Dans la série de HBO, la violence se fait bien plus timorée, se déroulant souvent hors champ, les humains sont moins vicieux (hormis lors de la présentation de la FEDRA), les infectés sont beaucoup moins présents et semblent presque faire de la figuration en dehors de deux épisodes, l’un les présentant lors d’une séquence dans un musée calquée sur celle du jeu et l’autre à travers une scène d’action épique mais semblant presque posée là pour atteindre le quota minimum de créatures massacrant alliés comme ennemis à commencer par Kathleen, l’un des rares personnages inédits du show n’apportant rien à l’intrigue et finissant d’ailleurs de façon insignifiante.
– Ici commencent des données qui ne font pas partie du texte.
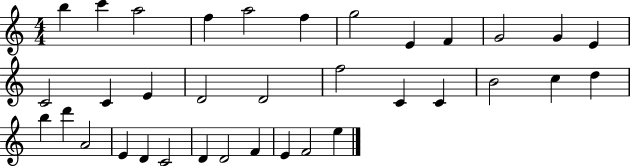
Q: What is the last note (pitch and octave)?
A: E5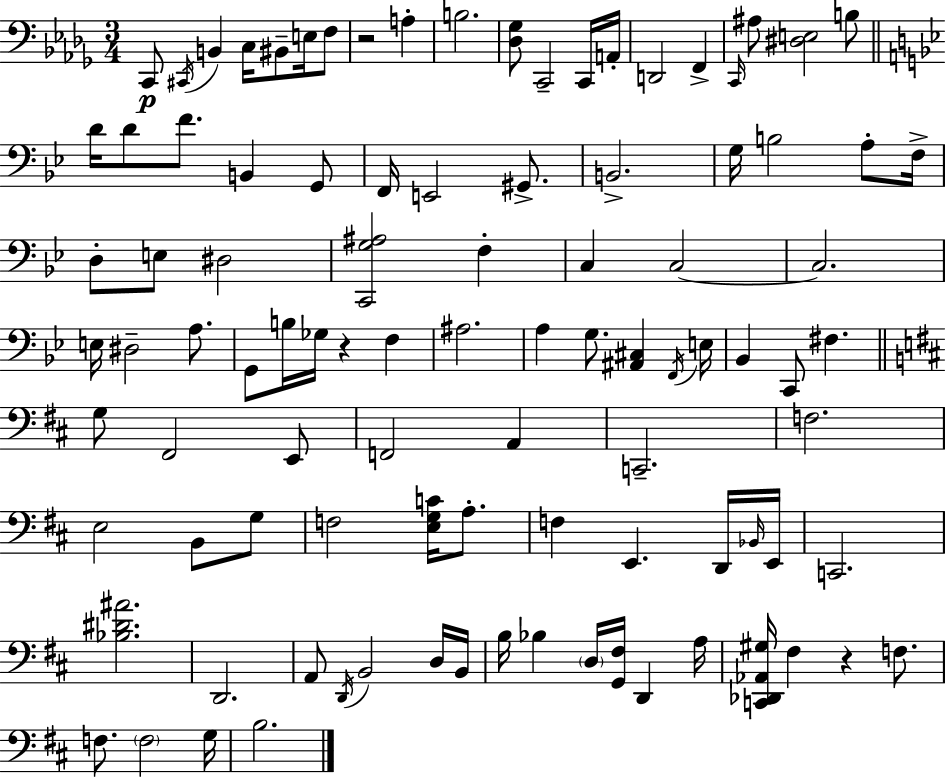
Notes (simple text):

C2/e C#2/s B2/q C3/s BIS2/e E3/s F3/e R/h A3/q B3/h. [Db3,Gb3]/e C2/h C2/s A2/s D2/h F2/q C2/s A#3/e [D#3,E3]/h B3/e D4/s D4/e F4/e. B2/q G2/e F2/s E2/h G#2/e. B2/h. G3/s B3/h A3/e F3/s D3/e E3/e D#3/h [C2,G3,A#3]/h F3/q C3/q C3/h C3/h. E3/s D#3/h A3/e. G2/e B3/s Gb3/s R/q F3/q A#3/h. A3/q G3/e. [A#2,C#3]/q F2/s E3/s Bb2/q C2/e F#3/q. G3/e F#2/h E2/e F2/h A2/q C2/h. F3/h. E3/h B2/e G3/e F3/h [E3,G3,C4]/s A3/e. F3/q E2/q. D2/s Bb2/s E2/s C2/h. [Bb3,D#4,A#4]/h. D2/h. A2/e D2/s B2/h D3/s B2/s B3/s Bb3/q D3/s [G2,F#3]/s D2/q A3/s [C2,Db2,Ab2,G#3]/s F#3/q R/q F3/e. F3/e. F3/h G3/s B3/h.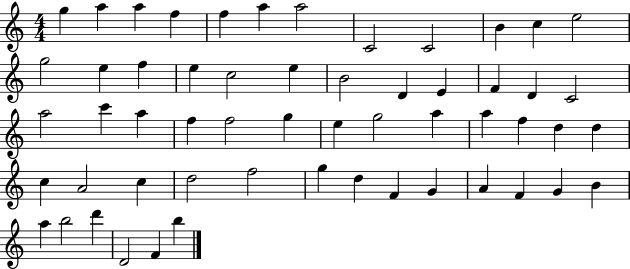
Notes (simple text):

G5/q A5/q A5/q F5/q F5/q A5/q A5/h C4/h C4/h B4/q C5/q E5/h G5/h E5/q F5/q E5/q C5/h E5/q B4/h D4/q E4/q F4/q D4/q C4/h A5/h C6/q A5/q F5/q F5/h G5/q E5/q G5/h A5/q A5/q F5/q D5/q D5/q C5/q A4/h C5/q D5/h F5/h G5/q D5/q F4/q G4/q A4/q F4/q G4/q B4/q A5/q B5/h D6/q D4/h F4/q B5/q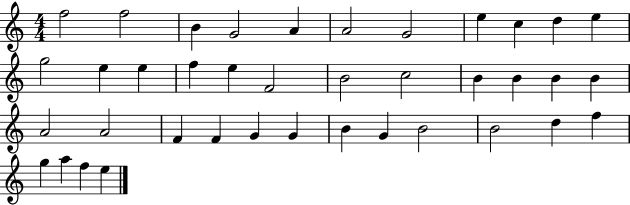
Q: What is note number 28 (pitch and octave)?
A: G4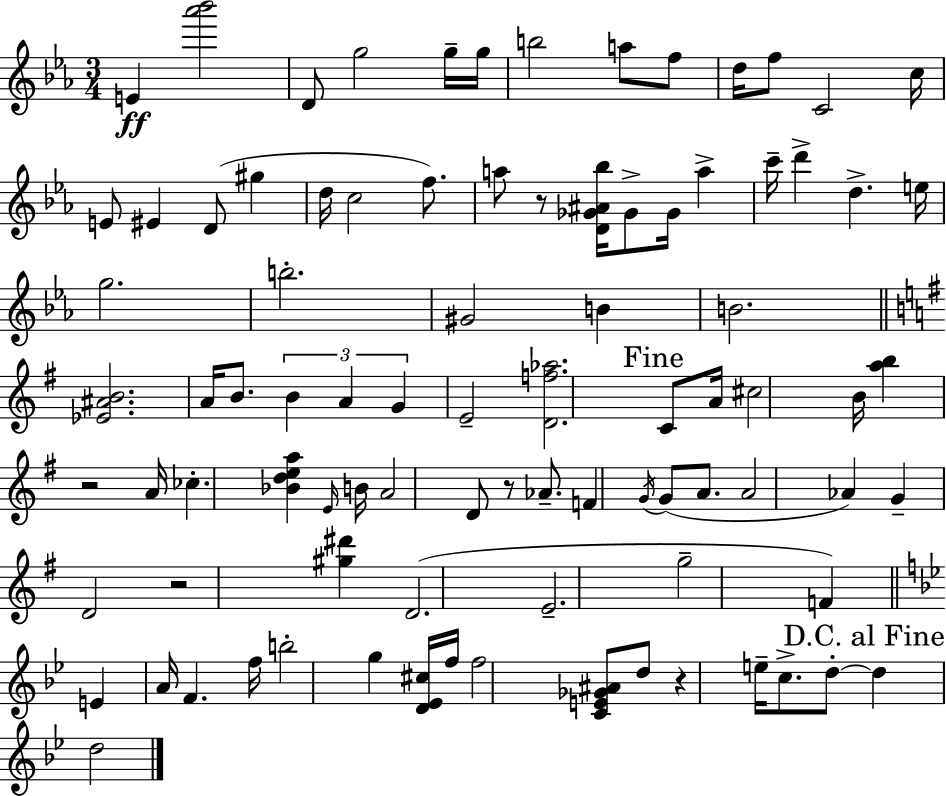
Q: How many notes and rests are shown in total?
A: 89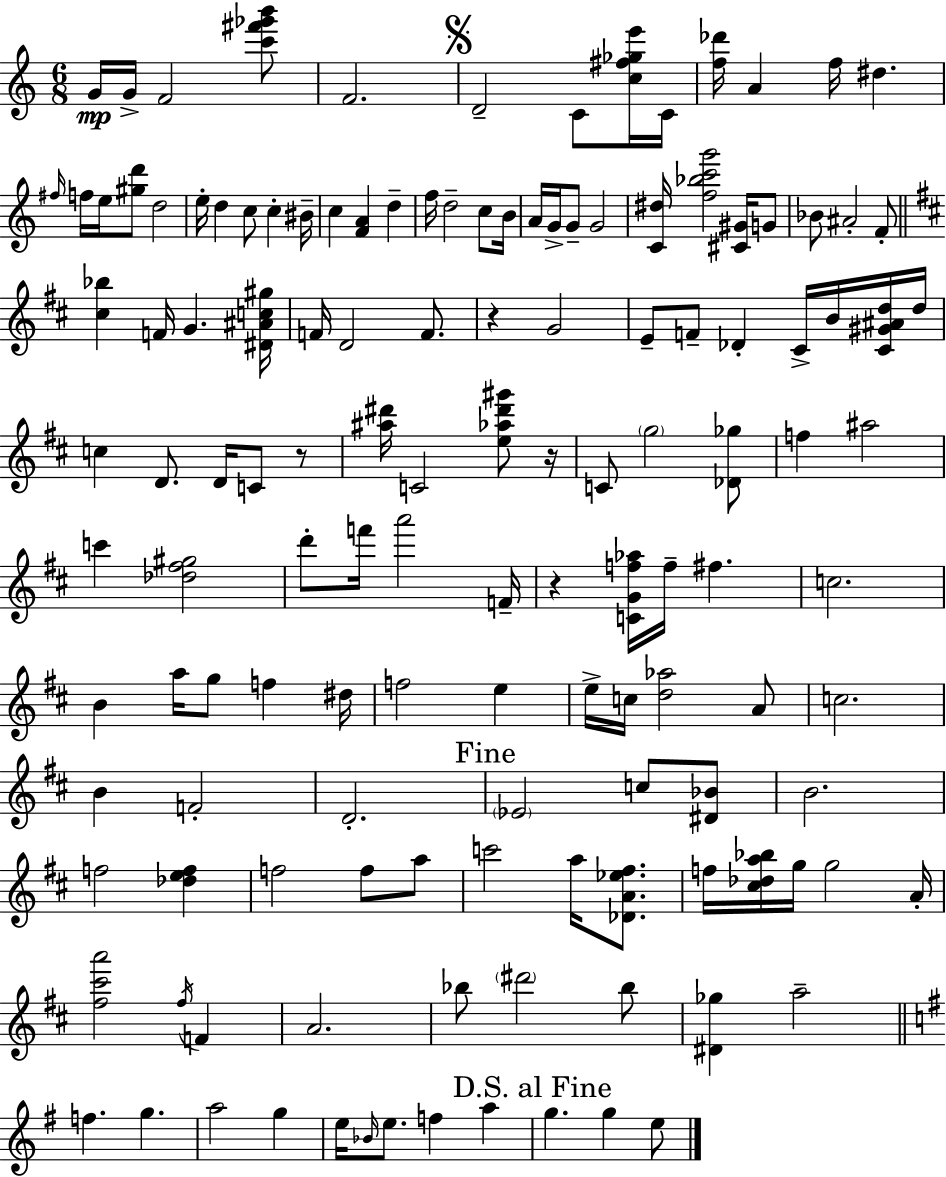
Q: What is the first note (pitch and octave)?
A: G4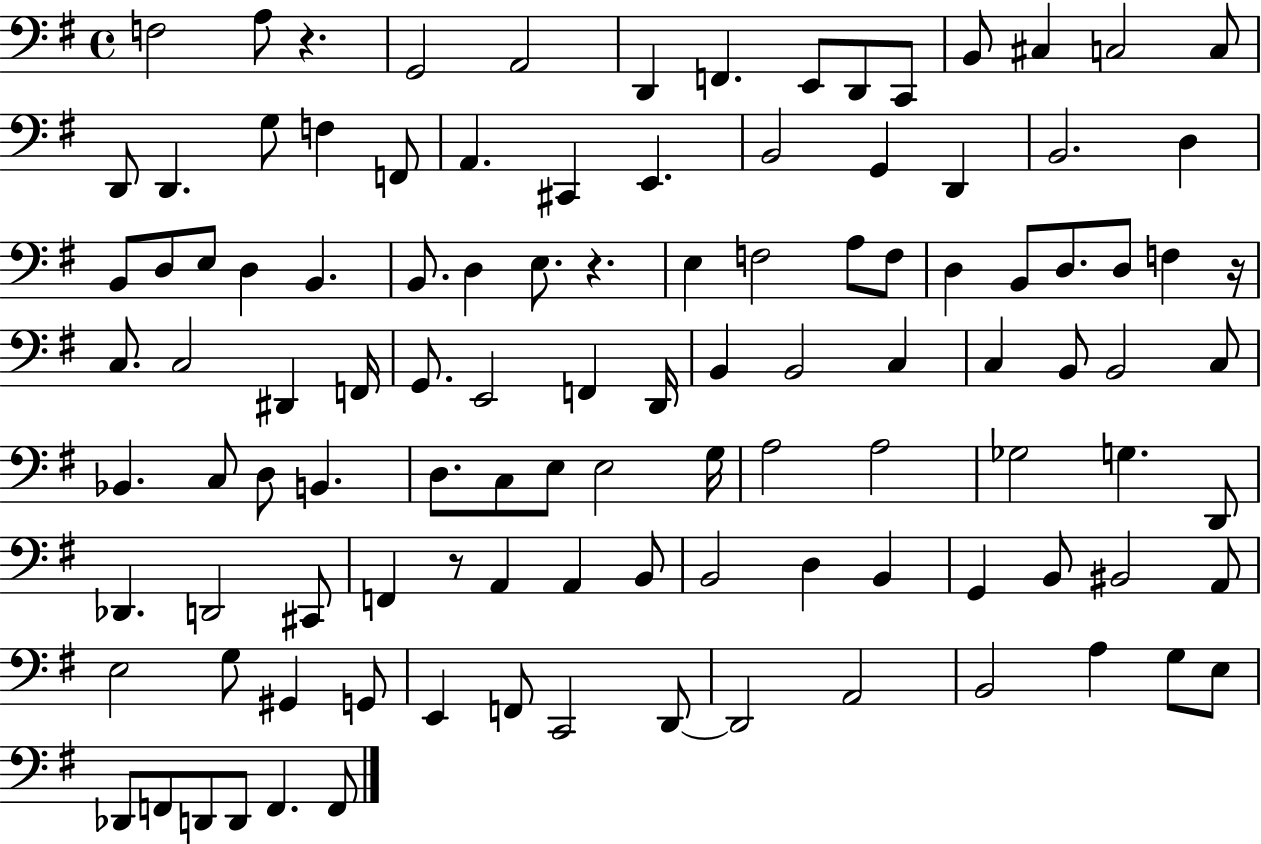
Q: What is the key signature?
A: G major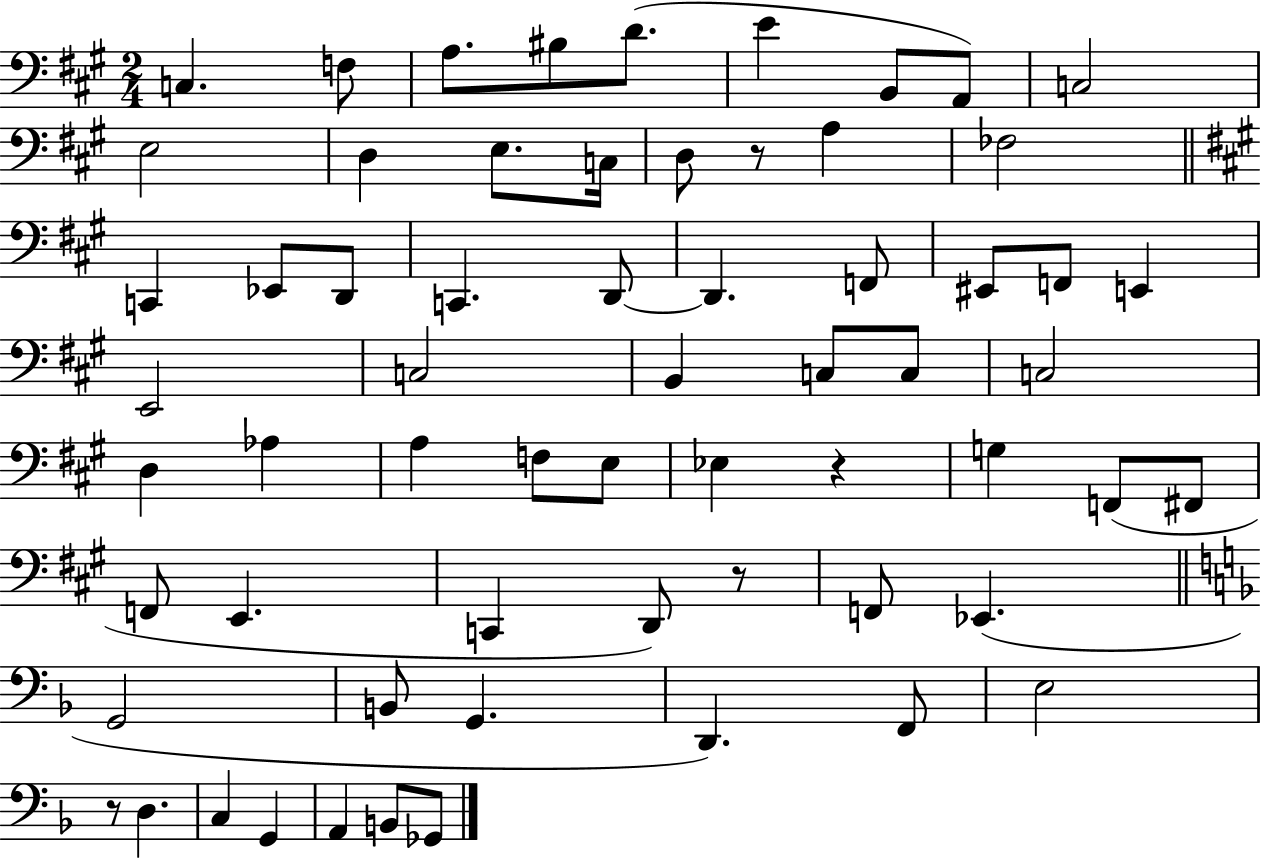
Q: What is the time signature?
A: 2/4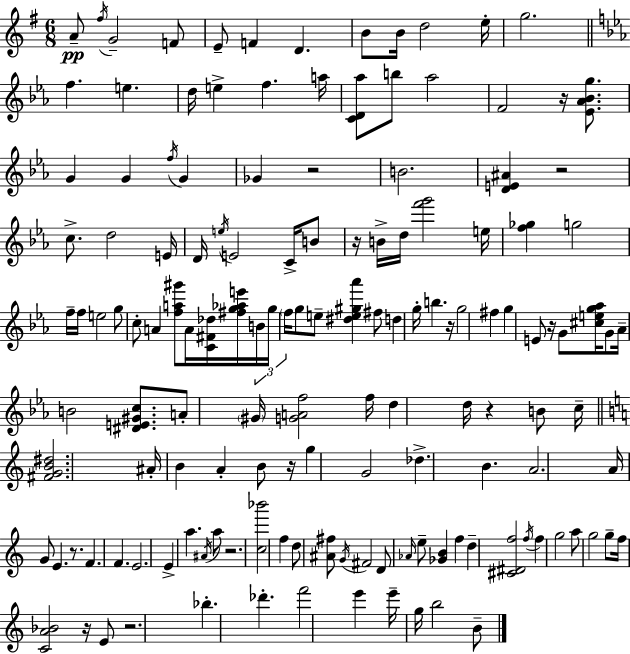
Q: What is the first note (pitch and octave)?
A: A4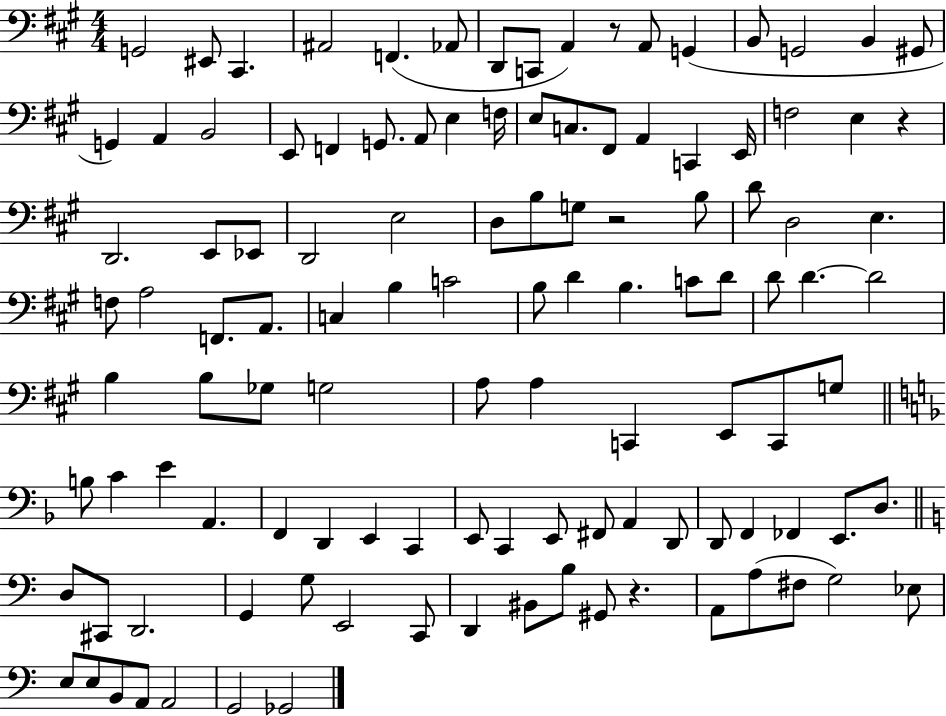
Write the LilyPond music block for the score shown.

{
  \clef bass
  \numericTimeSignature
  \time 4/4
  \key a \major
  g,2 eis,8 cis,4. | ais,2 f,4.( aes,8 | d,8 c,8 a,4) r8 a,8 g,4( | b,8 g,2 b,4 gis,8 | \break g,4) a,4 b,2 | e,8 f,4 g,8. a,8 e4 f16 | e8 c8. fis,8 a,4 c,4 e,16 | f2 e4 r4 | \break d,2. e,8 ees,8 | d,2 e2 | d8 b8 g8 r2 b8 | d'8 d2 e4. | \break f8 a2 f,8. a,8. | c4 b4 c'2 | b8 d'4 b4. c'8 d'8 | d'8 d'4.~~ d'2 | \break b4 b8 ges8 g2 | a8 a4 c,4 e,8 c,8 g8 | \bar "||" \break \key f \major b8 c'4 e'4 a,4. | f,4 d,4 e,4 c,4 | e,8 c,4 e,8 fis,8 a,4 d,8 | d,8 f,4 fes,4 e,8. d8. | \break \bar "||" \break \key c \major d8 cis,8 d,2. | g,4 g8 e,2 c,8 | d,4 bis,8 b8 gis,8 r4. | a,8 a8( fis8 g2) ees8 | \break e8 e8 b,8 a,8 a,2 | g,2 ges,2 | \bar "|."
}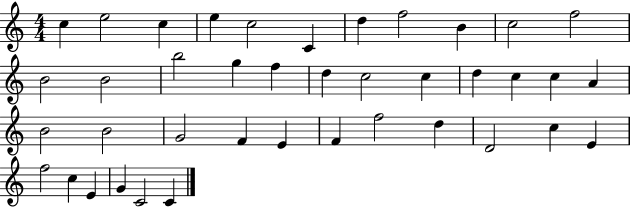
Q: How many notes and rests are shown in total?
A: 40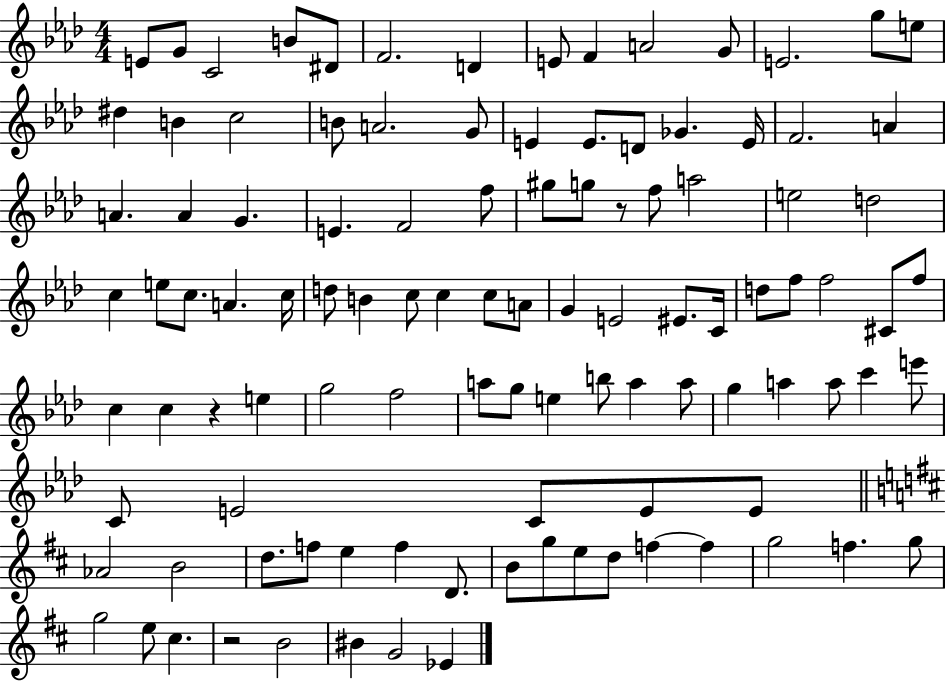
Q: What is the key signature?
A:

En somme, là où il aurait fallu davantage de moments de tension (synonyme de phases de gameplay dans le jeu) pour crédibiliser l’état de Joel, d’indifférent vis à vis d’Ellie à quelqu’un prêt à sacrifier le monde pour sauver la jeune fille, la série aura préféré miser sur une construction plus posée (et donc moins couteuse), passant par le jeu d’acteur mentionné plus avant, de bons dialogues et les musiques discrètes mais oh combien importantes de Gustavo Santaolalla, mais ne parvenant pas totalement à camoufler les manques par rapport au matériau d’origine.
Bien que la série soit une adaptation convaincante de The Last of Us, votre ressenti différera probablement si vous avez touché ou non au jeu. Alors que Druckmann et Mazin se sont évertués à plaire aux profanes comme aux fans en truffant (habilement) cette saison de références au titre tout en soignant les dialogues et le casting, difficile d’être totalement convaincu, la faute à un empressement constant, des créatures finalement peu présentes et un univers manquant parfois de substance, de danger pourtant indispensable pour légitimer l’évolution de la relation entre Ellie et Joel.